Dispassionate debate at the Supreme Court

Police officers stand in front of the U.S. Supreme Court in Washington Jan. 7 as justices inside took a look at whether lethal injection constitutes cruel and unusual punishment. (CNS/Bob Roller)“Just the facts, ma’am,” Detective Jack Webb used to say on “Dragnet.”

That’s the safest approach to reporting on oral arguments before the Supreme Court. Leave the analysis to the pundits.

So it was with a fair amount of thought that I used the word “dispassionate” in a headline and news story from yesterday’s oral argument in Baze v. Rees, a case about the constitutionality of the lethal injection method used in 36 states.

Another observer might contend that the oral argument was full of passion, with repeated references to the “excruciating pain” experienced when the lethal injection procedure goes wrong at an execution.

Justice Antonin Scalia, always blunt, wondered where it’s written in the Constitution that an execution must be painless.

After all, he said, “it’s not surgery,” where the goal is for the patient to live. What difference does it make if an inmate dies painfully, as long as that wasn’t the intention of the executioners, he wondered.

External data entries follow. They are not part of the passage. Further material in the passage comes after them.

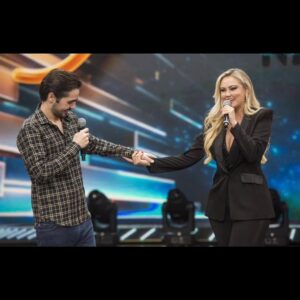 Ellen Rocche Instagram - Quero agradecer à toda equipe @faustaonaband pelo programa lindo e pela homenagem que fizeram pra mim❤️ @joaosilva e @annelottermann vocês são maravilhosos! Me emocionei demais com @izarocche, @guilherme.chelucci, @fernandomesa2, @sergiosadzz, @fefaveron, @vanessambalsamo, @estevam_antonio, @its_just_lx_ . Obrigada pelo amor e amizade de vocês. @thidyalvis, amo vc! Obrigada pelo look maravilhoso @splash.boutique, @rafacarneiro, @cristinasabatinibrasil. Obrigada, meu amor @achillesaraujo ❤️ Sou muito abençoada por ter todos vocês em minha vida📸 Renato Pizzutto/ Band Tv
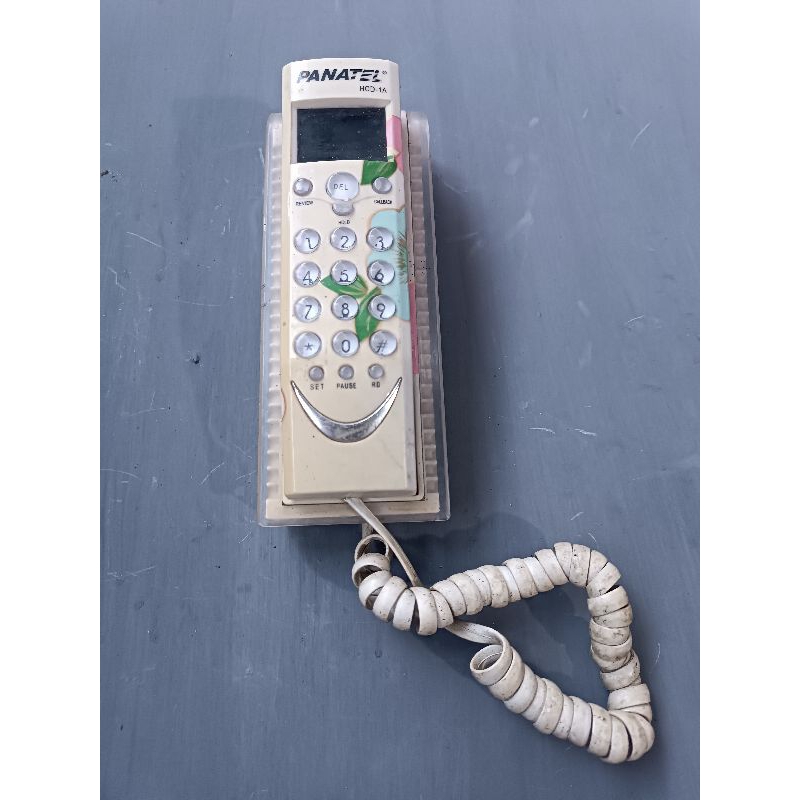 telepon single antik. telepon dinding antik. telepon di ding vintage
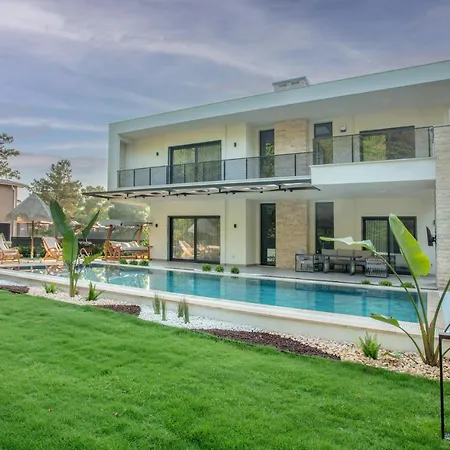 Enclave Luxury,pool And Nature At * マルマリス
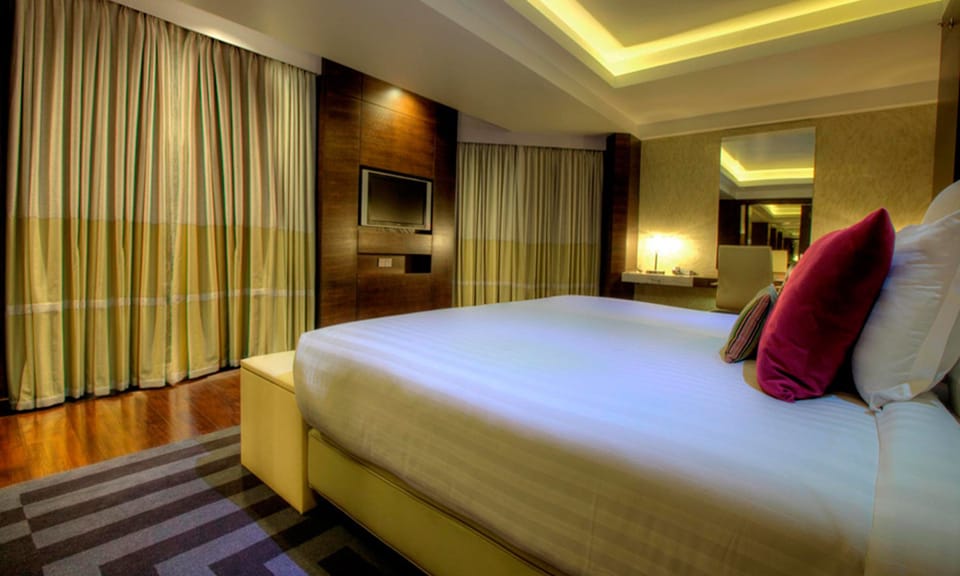 Standard Room, 1 King Bed | 1 bedroom, in-room safe, iron/ironing board, free WiFi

That’s when the word “dispassionate” first occurred to me. Then there was the general disconnect in the courtroom.

What seemed obvious to me — it’s a human being’s life the justices were debating how to end — never seemed to be the point. Actually, the case could affect most of the 3,350 people currently on death row and others who will follow them there.

Granted, the legal issue before the court was about the procedures, not the morality of capital punishment. And the Supreme Court has made it abundantly clear that they prefer to be concerned with only the narrowest interpretations of the Constitution necessary.

It’s a “just the facts, ma’am,” world they inhabit.

Even the attorney for Ralph Baze and Thomas Bowling, the two Kentucky inmates who are appealing the method of their planned executions, never said a word to connect those living, breathing, feeling men to the clinical system of killing being evaluated Indeed, the only mention of their names was in calling the title of the case.

It was a case argued on policies and process, statistical chances of error and how quickly the state can get back to the business of killing people without all the fuss over whether the procedure might be too cruel.

Ralph Baze and Thomas Bowling have accepted their convictions for their crimes. They’re prepared to spend their lives in prison, if their executions are set aside. Based upon the way the justices were talking, this case may not even answer the question they hoped would save them from execution.

It was striking that amid the legal debate about how to kill them, nobody thought it important to mention them.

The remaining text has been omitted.